Washington Post wasn’t impressed: “At times Mr. Biden struck us as unduly condescending; Mr. Ryan, a touch unsure of his footing. But their performances both were fine; their weaknesses were less in presentation than in the failure of their tickets, in different ways, to offer an honest road map of their intentions for governing.”
Wall Street Journal wasn’t either: “By unofficial media counts, Mr. Biden interrupted the Republican some 80 to 100 times. Mr. Ryan let the bully get away with too much for our tastes, at least until he finally pushed back on the interruptions or until Mr. Biden lost steam in the last half hour. But as anyone who’s been in a tavern past midnight understands, it’s hard to win a fight with a guy who is shouting from the corner bar stool.
“No doubt the performance cheered Democrats who needed cheering after last week, but we wonder how well it played with independents or undecided voters who tuned in to learn something.”

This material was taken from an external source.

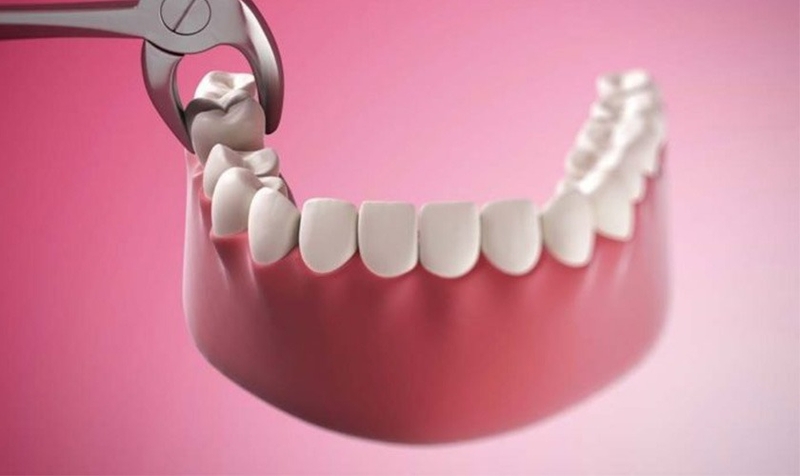 Dấu hiệu nhận biết răng khôn mọc ngầm và biện pháp xử lý hợp lý 3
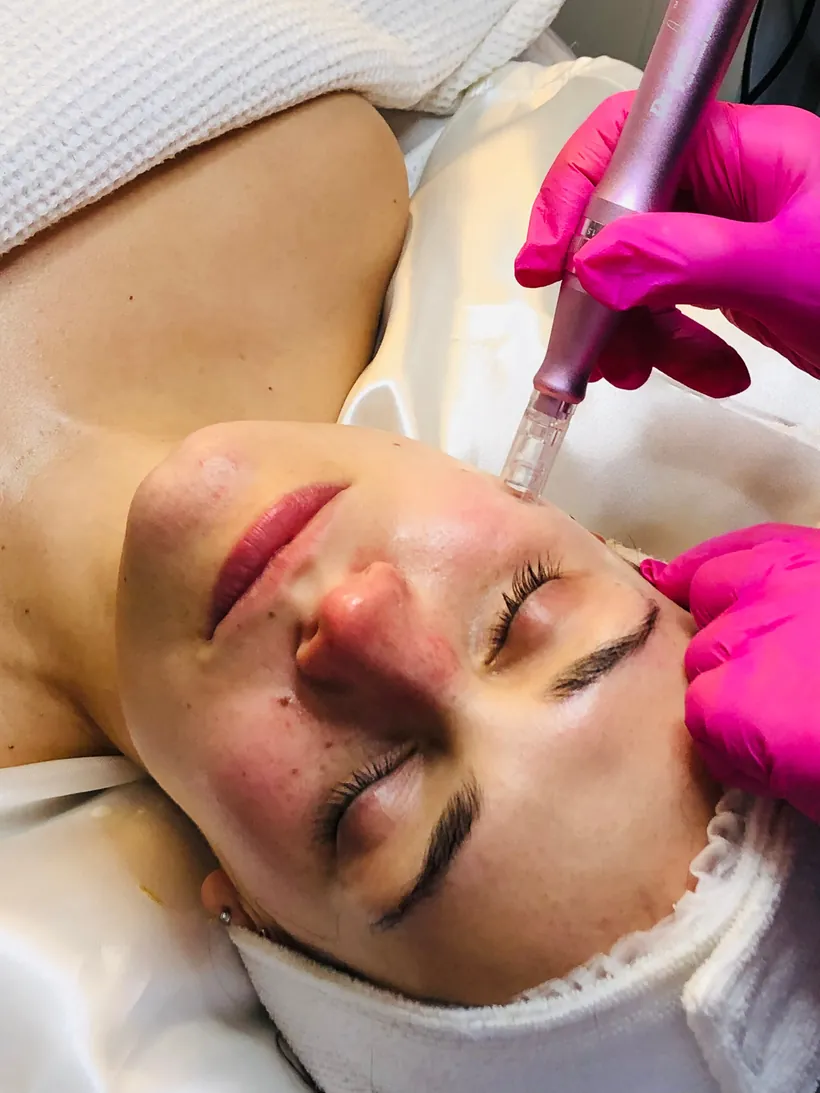 Microneedling con Nano Dermapen o Dermapen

USA Today calls it a draw: “It was for all immediate purposes a draw, nothing like like last week when virtually all the instant analysis saw an overwhelming Romney win. Partisans on both sides seemed pleased, and an instant CNN poll found Ryan winning 48%-44%, a statistical deadheat given the poll’s plus or minus 5% margin of error.
“But that does not mean the debate was lacking in information, substantive and subjective, that could influence voters’ decisions.”